Produzione industriale ferma
Marzo su febbraio 2016 ha gelato gli ottimisti con uno zero tondo nella variazione della produzione industriale. Il trimestre può consolare con un +0,7%, il dato comparabile della Germania è all'1%, quello della Francia a -0,6 per cento. Sta rallentando anche l'auto che nei mesi scorsi è stata protagonista della ripresa con performance a due cifre. A febbraio il 70% dei settori aveva comunque una variazione congiunturale positiva. A marzo solo il settore dei beni strumentali era in territorio positivo. Al +7,3% annuo del settore fabbricazione macchinari e attrezzature fa pendant il calo del 6,5% del settore farmaceutico e del 6% del tessile e abbigliamento. Il Csc prevede per aprile un +0,1% su marzo (aveva previsto un +0,3% su febbraio): una tendenza che trova conforto anche nella rilevazione Markit/Adaci pmi che misura gli acquisti decisi dai manager delle imprese. L'indice è in aumento ad aprile al 53,9 dal 53,5 di marzo e si tratta dell'incremento più marcato degli ultimi quattro mesi. In testa gli acquisti dei beni di investimento seguiti da quelli di consumo. Stando a Markit l'Italia sarebbe il Paese con la crescita di acquisti più accentuata d'Europa, seguito di poco dalla Spagna.

Il dualismo delle imprese
Nell'indicatore di Intesa Sanpaolo sulle performance d'impresa la parte migliore ha realizzato nel periodo 2008-2014 il 66% di incremento del fatturato, mentre la quota di imprese meno competitive ha perso il 54,9% del fatturato. C'è chi ha guadagnato molto e chi ha perso molto. I dati sulle vendite di macchine utensili sono tra i più brillanti: i dati del settore (Ucimu) del primo trimestre 2016 mostrano una crescita del 31% sul trimestre di riferimento 2015. Le imprese hanno risposto molto bene alle agevolazioni previste dalla legge Sabatini sull'acquisto di macchinari e al cosiddetto super-ammortamento al 140% per i nuovi beni strumentali.

Investimenti, la grande attesa
Il Def prevede investimenti fissi lordi in crescita del 2% che saliranno al 3% nel 2018. È decisiva la partita con Bruxelles sulla flessibilità nei conti per allargare lo spazio di manovra.

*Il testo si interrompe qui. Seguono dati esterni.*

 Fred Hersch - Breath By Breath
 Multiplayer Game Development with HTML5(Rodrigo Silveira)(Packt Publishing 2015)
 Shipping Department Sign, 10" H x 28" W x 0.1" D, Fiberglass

Quanto agli investimenti privati resta più incertezza: le stime dell'ufficio studi di Intesa Sanpaolo prevedono un +2% in investimenti fissi in macchinari nel 2016 del 6,1% nei trasporti e dello 0,5% in costruzioni. Le costruzioni sono uno dei punti dolenti. Nel 2015 gli investimenti erano calati dello 0,9%; il 2015 si è chiuso, nell'ultimo trimestre, con un +1,5% nella produzione del settore, dopo cinque anni vita grama. L'Ance ha stimato un calo del 34,2% negli investimenti nel periodo 2008-16. A febbraio la fiducia del settore però era l'unica a segnare un dato di miglioramento. Per Scenari Immobiliari «il 2015 ha confermato le aspettative di ripresa delle compravendite, attestandosi su 445mila, con un incremento del 7,2% rispetto all'anno precedente». I mutui in un anno sono quasi raddoppiati, il 40% però sono surroghe. La domanda di nuovi mutui nel primo trimestre 2016 fa segnare una crescita del 31% sul primo trimestre 2015. La quota di invenduto rimane comunque altissima.

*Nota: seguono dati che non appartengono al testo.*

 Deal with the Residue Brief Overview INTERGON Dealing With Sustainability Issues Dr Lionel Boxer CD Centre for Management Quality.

Il lavoro, la riforma paga
La forbice tra il numero di occupati e i disoccupati si allarga secondo un andamento finalmente più fisiologico. La crisi ha bruciato un milione di posti di lavoro, ne abbiamo recuperati meno della metà. A marzo si contavano 90mila occupati in più (la gran parte lavoratori dipendenti a tempo indeterminato e over 50) e 63mila disoccupati in meno. Gli inattivi erano calati di 36mila unità. Il tasso di disoccupazione scende all'11,4%. Il jobs act funziona e funzionano gli incentivi della decontribuzione.

Le nuove rotte dell'export
È finito il tempo dei Brics. La Russia è in recessione, il Brasile in coma, la Cina dà segni di tenuta ma i volumi dell'export italiano sono ancora scarsi. Le esportazioni hanno beneficiato dell'effetto cambio (quando l'euro era a 1,05-1,076 sul dollaro) verso le aree del dollaro (Usa in testa), ma ora sono in rallentamento. L'Italia conta anche sull'export intra-europeo: la Germania e la Francia conoscono una forte accelerazione della domanda interna e questo, soprattutto nel caso tedesco, significa sfogo anche per le nostre merci. Il dato inatteso del primo trimestre per la crescita in Europa (+0,6%) può far ben sperare anche per le produzioni italiane.
Nell'ultimo anno, complici le cadute economiche di Russia (-24,8% il nostro export verso Mosca) e Brasile (-17,4%) e la frenata di Pechino (-0,9%), le esportazioni manifatturiere verso i Brics si sono ridotte di oltre dieci punti percentuali. Al contrario le nuove rotte verso i cosiddetti Ticks (Taiwan, India, Cina e Corea del Sud) sono cresciute di quasi quattro punti, grazie al traino di Taiwan (+12,4%) e Corea del Sud (+8,4%). La Cina resta la grande incognita: non è un'economia di mercato ma ne vorrebbe lo status per regolare i traffici con l'Europa. Da partner prezioso diventerebbe un ulteriore pericolo per le produzioni italiane.